Showing posts with label starting anew. Show all posts
Showing posts with label starting anew. Show all posts

26 June 2010

at home in the district

i'm not giving up on the hope that i'll be able to pirate a connection tonight. it feels like i haven't been online in weeks, that i haven't read a newspaper in months, and that i'm farther out of any loop than i've ever been.

but i'm home. i've hung my hat and scarlet her leash on u street. and even though our stuff doesn't get here until the second week in july, i am so happy to be _home_, i don't even care that we're on folding chairs and air mattresses for a coupla weeks. and out of the car...

the road trip kicked ass! we left the left coast, crossed hoover dam, spent a coupla days at the grand canyon, visited the eisenhower and truman libraries, saw friends, visited the family, and did most of it on two-lane backcountry highways, traveling through 15 states, and finally landing last night in the district of columbia. bitches, we saw and loved america!

and here we are at home, a new music box steps on a new street in a new town...

~k

18 June 2010

the end of the music box steps

yesterday marked the end of the beginning for me. after the movers left, i swept the floor, took out the last bag of recycling, finished putting my bags in the car, and just stood in the living room of my empty music box steps apartment for a final quiet moment.

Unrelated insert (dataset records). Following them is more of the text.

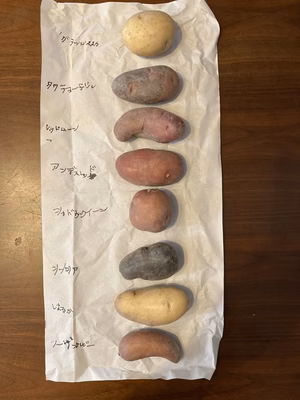 みんなの投稿の画像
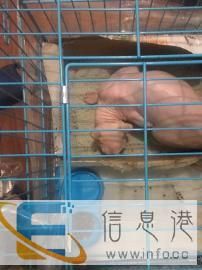 包头宠物托运到全国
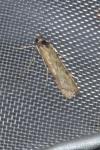 Nomophila noctuella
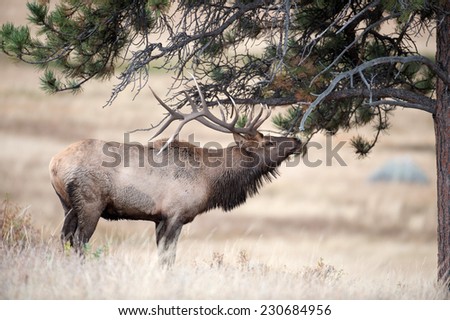 A large bull North American elk standing in an open meadow during the rut in Rocky Mountain National Park in Colorado.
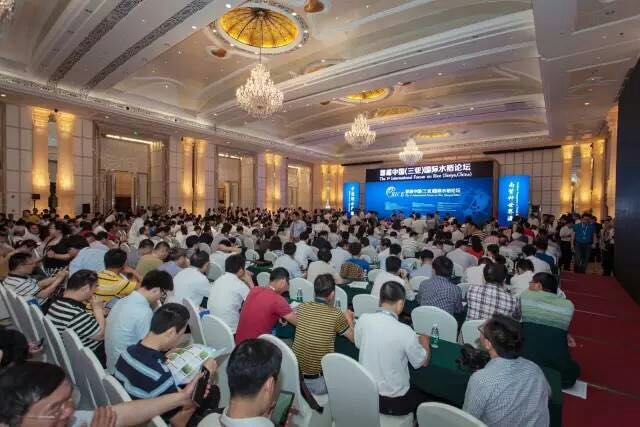 华人策略最新地址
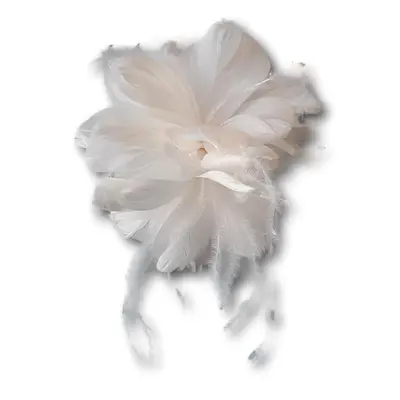 Failsworth Feather Burst Clip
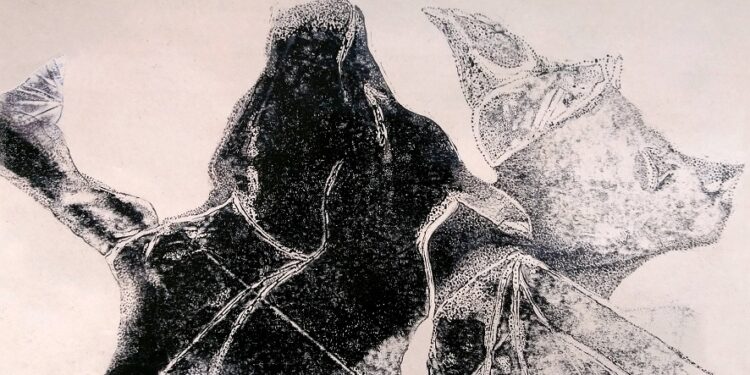 رنج عمیق دگردیسی | نقاشی‌‌های ساناز حائری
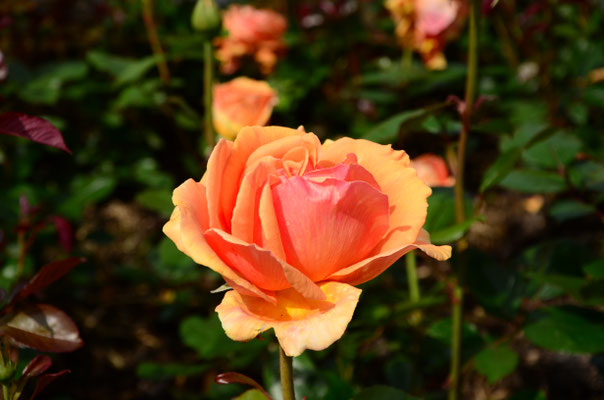 Rose (île de Mainau, Bade-Wurtemberg, Allemagne)  Juin 2016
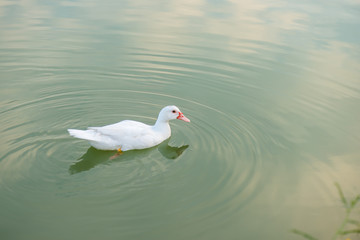 Fototapeta premium White duck in the lake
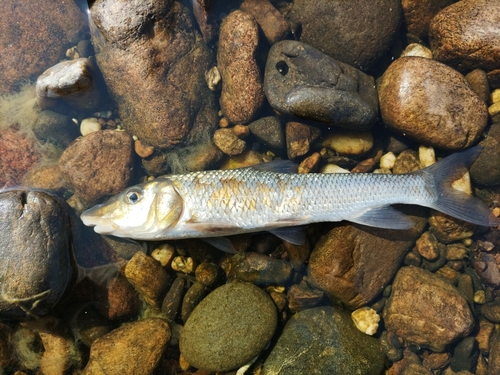Barbel steed (Hemibarbus labeo) — Cyprinidae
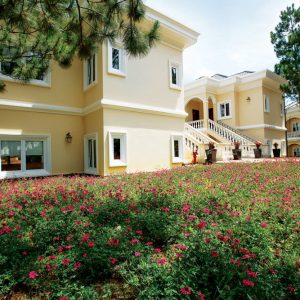 Dalat Edense accommodation mimosa superior villa main 1000x667 1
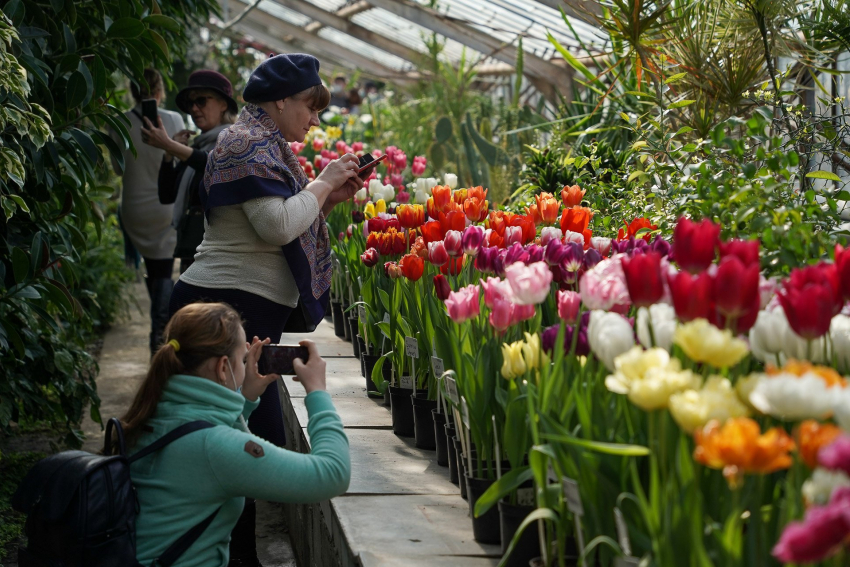 Жители Волгоградской области устроили аншлаг на выставке первоцветов в ботаническом саду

and for a brief instant i felt overwhelmed by sadness. and then gratefulness creeped in. for as sad as it is to leave my home, i'm grateful for my three years of music box steps magic.

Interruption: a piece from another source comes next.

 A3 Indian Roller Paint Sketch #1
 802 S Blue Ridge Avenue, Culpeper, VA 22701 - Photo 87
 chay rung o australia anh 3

so i turned around, locked the door, walked up the music box steps for the last time, and didn't look back.

forward only from here.

the end.

~k

08 June 2010

the joys of moving

after my girl zip exchanged her vows sunday, and a long night of fun to the nth came to an end, i hopped a flight to my new town. where, um, madness abounds.

first of all, i'm in a new job. the office isn't new. the company isn't new. the people aren't new. but the job is new. the city is new. the commute is new. the hours are new (i am used to rolling in around 9:30 or 10:00, but on this coast, meetings start anywhere from 7:30-8:30 (wtf is up with these early birds!?)). and the life is new. right now, whilst in the throes of limbo, i am homeless, my shit is strewn about two coasts, my dog is at camp, my car is in an airport parking lot, my settings on everything from email to phones to alerts are set to different time zones. and i don't know whether to scratch my hair or brush my butt. fer reals.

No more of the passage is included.